IBM researcher Kevin Nowka talks about the big, big data

Dr. Kevin Nowka at the AT&T Center at the Austin Forum.

Dr. Kevin Nowka is cute. He’s a little nervous to leave his laptop in the AT&T conference room just to go out for a photo shoot. But when he stands in front of those pretty red flowers and start smiling into the sun for the Austin Forum photogs, he looks as so cute I want to hand off all of my personal data to IBM.

Dr. Nowka, a grad of Stanford University and the director of IBM Research, Austin, specializes in high-performance and low-power circuits, processor design, and technology. He works with teams of scientists studying system models, creating faster and ever more efficient VLSI circuits (Very-large-scale integrated circuits, see WIKI for more: http://en.wikipedia.org/wiki/Very-large-scale_integration.) The short version: they are packing thousands of transistors on a single chip. Go, IBM. Make my phone smarter. Or make my Nest thermostat. And other intelligent whatnot.)

A VLSI integrated-circuit die

Big data, big opportunities

The dilemma of big data: we can capture it, but who will put it to effective use? Dr. Nowka discussed the new tech twists that will put the tools for data management into play.

So…big problems cause big data. But, to solve big problems, we need big data. They are interrelated.

Nowka listed some examples of big data, big problems, and big opportunities:

Highway congestion: urban roadways that are broken by being underbuilt and causing congestion cost the U.S. roughly 5.5 billion an hour and 2.9 billion gallons of wasted fuel. (Statistics from Texas Transportation Institute).
The U.S. could save $130 billion annually by deploying smart-grid technology to electrical delivery systems.
Big data analysis’s goal is to draw value from data that has variety, velocity, volume, and veracity. Apply this intentionality to law enforcement, traffic control, telecom, manufacturing, and more.
Gross waste of resources in government systems could be addressed by clever applications of tech to big data, going after fraud, and reducing waste.

The volume of digital data is expected to double every two years. That goes for you, for me, for the US, for the Library of Congress, etc. Just think how much data you personally store; you are probably creating increasing amounts of personal data with no end in sight. By 2017, the total digital data will surpass the number of stars in the observable universe.

And the more access people have, the more data they create. About two-thirds of the world still does not have access to the Internet, so we can expect our data creation to grow exponentially as more of the world gets connected.
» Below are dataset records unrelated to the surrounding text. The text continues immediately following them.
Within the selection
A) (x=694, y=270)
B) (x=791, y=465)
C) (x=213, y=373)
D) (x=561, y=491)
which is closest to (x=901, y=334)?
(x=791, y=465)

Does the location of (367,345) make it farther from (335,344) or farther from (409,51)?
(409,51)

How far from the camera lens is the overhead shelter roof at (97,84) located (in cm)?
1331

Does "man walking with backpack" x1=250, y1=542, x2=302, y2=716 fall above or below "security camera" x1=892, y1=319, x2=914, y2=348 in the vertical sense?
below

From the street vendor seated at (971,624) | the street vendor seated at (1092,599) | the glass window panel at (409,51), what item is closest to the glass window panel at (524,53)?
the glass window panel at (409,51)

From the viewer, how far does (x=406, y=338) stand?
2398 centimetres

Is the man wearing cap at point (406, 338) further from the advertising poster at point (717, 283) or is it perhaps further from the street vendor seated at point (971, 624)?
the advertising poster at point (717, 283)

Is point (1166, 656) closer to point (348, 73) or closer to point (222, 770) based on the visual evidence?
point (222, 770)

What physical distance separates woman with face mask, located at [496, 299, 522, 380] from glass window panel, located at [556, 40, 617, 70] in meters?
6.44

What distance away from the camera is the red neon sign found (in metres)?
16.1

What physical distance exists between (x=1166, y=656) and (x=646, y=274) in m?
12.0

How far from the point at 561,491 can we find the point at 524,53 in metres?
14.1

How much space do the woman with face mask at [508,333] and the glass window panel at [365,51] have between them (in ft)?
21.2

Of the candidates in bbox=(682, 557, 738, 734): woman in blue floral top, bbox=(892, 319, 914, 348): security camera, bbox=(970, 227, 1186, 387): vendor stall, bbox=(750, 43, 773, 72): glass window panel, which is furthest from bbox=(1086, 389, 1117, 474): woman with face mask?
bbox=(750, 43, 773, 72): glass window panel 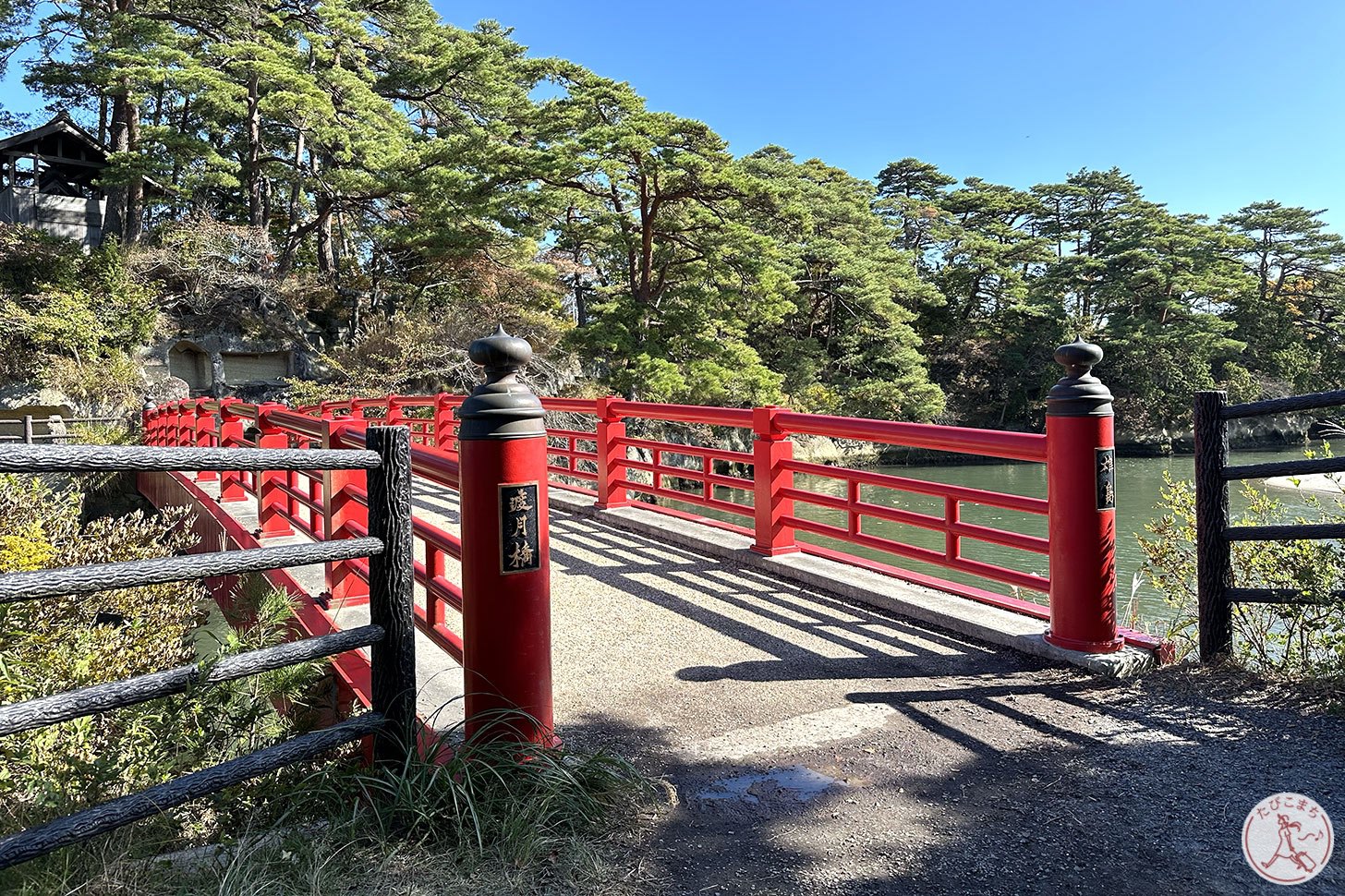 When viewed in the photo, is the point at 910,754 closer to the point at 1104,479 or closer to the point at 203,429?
the point at 1104,479

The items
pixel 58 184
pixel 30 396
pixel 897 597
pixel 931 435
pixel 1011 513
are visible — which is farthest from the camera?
pixel 58 184

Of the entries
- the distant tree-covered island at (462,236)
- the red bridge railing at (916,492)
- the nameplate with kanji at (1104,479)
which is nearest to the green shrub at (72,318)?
the distant tree-covered island at (462,236)

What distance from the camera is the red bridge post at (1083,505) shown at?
338cm

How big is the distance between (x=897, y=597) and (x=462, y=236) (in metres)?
18.3

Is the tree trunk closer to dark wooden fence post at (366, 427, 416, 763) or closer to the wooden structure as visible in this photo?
the wooden structure

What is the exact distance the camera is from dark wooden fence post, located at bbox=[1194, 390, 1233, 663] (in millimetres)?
3408

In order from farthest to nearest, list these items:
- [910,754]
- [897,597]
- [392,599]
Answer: [897,597] → [910,754] → [392,599]

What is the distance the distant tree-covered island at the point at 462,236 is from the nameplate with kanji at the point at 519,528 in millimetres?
16336

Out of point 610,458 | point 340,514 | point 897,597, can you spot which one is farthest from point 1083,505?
point 610,458

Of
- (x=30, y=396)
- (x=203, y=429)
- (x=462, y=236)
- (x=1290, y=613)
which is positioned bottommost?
(x=1290, y=613)

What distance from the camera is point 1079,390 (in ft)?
11.2

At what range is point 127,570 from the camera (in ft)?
6.30

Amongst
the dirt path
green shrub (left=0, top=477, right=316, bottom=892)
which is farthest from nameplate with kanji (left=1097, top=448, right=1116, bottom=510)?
green shrub (left=0, top=477, right=316, bottom=892)

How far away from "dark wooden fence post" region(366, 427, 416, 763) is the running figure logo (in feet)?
7.24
There were 5.9 trillion text messages sent in 2011. That represents five times more data than the voice data sent via phones. (Phone fact: there are more than 6.3 billion mobile phones out there.)
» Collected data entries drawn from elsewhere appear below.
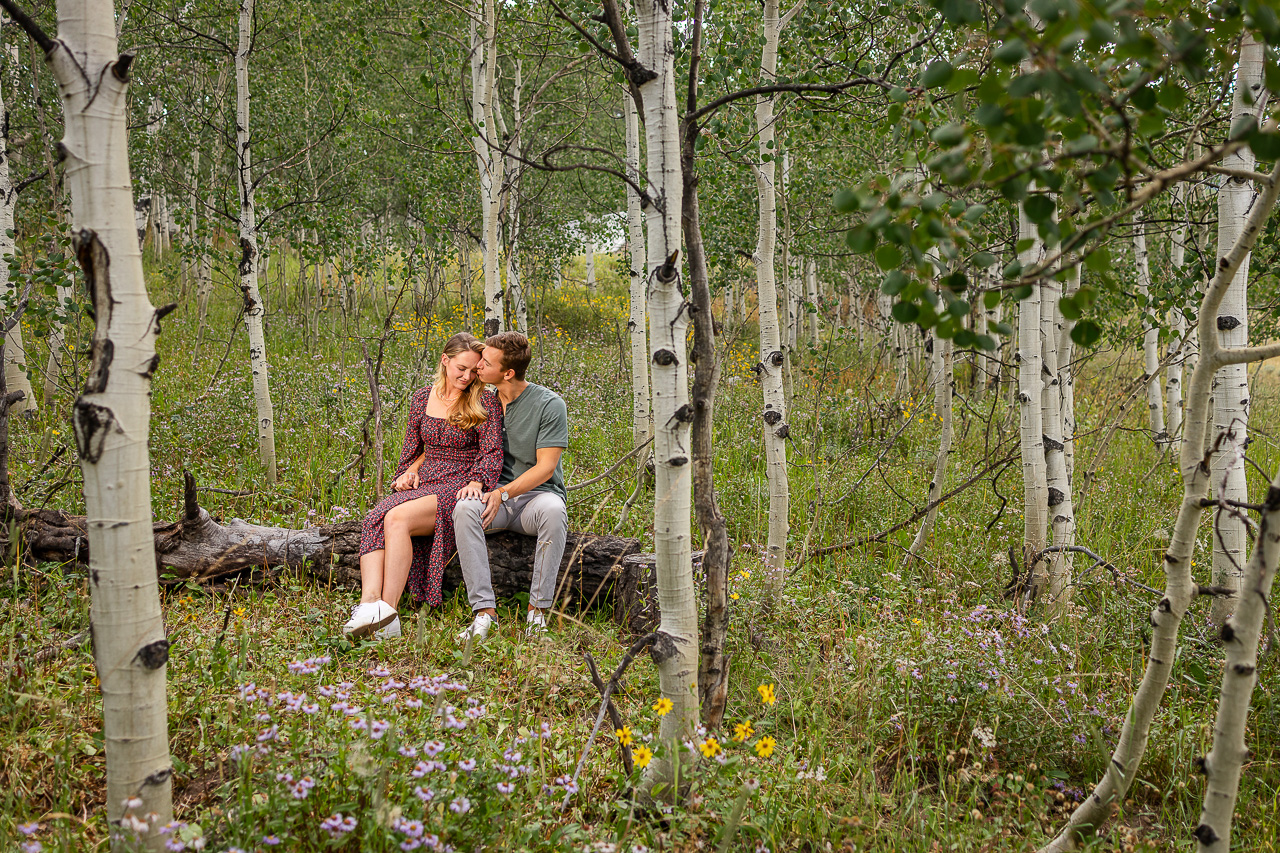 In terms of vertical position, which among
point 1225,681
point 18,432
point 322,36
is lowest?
point 1225,681

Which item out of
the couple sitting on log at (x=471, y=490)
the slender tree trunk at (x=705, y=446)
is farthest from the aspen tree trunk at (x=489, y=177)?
the slender tree trunk at (x=705, y=446)

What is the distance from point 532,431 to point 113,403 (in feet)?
7.85

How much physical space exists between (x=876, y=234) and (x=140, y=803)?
1.93 metres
A picture of the IBM RAMAC disc storage from 1950s. We now can store a thousand times more data on the average memory stick. (http://en.wikipedia.org/wiki/IBM_305_RAMAC )
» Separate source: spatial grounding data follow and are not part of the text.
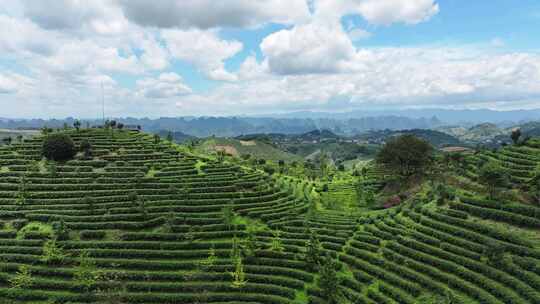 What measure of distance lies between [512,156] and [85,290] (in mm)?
63011

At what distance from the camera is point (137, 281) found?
37.5 meters

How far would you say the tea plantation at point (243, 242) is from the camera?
3297cm

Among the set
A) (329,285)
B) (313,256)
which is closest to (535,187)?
(313,256)

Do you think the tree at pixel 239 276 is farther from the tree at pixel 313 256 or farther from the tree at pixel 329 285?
the tree at pixel 329 285

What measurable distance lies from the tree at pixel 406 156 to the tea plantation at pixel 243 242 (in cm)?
744

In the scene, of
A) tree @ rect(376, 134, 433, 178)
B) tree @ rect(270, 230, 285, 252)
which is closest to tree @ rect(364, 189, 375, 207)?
tree @ rect(376, 134, 433, 178)

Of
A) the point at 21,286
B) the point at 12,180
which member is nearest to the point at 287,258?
the point at 21,286

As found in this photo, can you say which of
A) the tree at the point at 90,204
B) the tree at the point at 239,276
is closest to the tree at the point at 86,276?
the tree at the point at 90,204

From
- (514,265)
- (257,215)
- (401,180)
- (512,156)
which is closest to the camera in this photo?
(514,265)

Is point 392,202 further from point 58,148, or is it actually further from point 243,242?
point 58,148

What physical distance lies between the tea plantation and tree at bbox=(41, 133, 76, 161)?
412 cm

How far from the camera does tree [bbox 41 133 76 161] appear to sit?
62.5 meters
Social interactions as well as mobile communications create almost unimaginable amounts of data. And the type of data is changing: currently, 80 percent of the data being created is now unstructured. (Structured data is data in a relational database. Unstructured is…everything else.) And data is connecting to other data, as refrigerators hook up in a horrifying and obscene way with phones, toasters, tablets, and, ultimately the 2001 Hal computer. (I added that last part, not Dr. Nowka).

Something to think about the next time you take a ride on a plane: it takes a billion lines of code to run the software that runs an airplane. Each engine on a plane generates 10 TB every 30 minutes.

Also, 70 percent of most data is multimedia. Don’t just think of images from your phone. More than a billion medical images were generated in 2012.

Velocity: data is in motion, coming at us at gigabit speed. It can be managed in “real-time” models and used to predict. We can take action based on what the data tells us. Homeland security requires 50 billion records a day; 320 terabytes of deep analysis.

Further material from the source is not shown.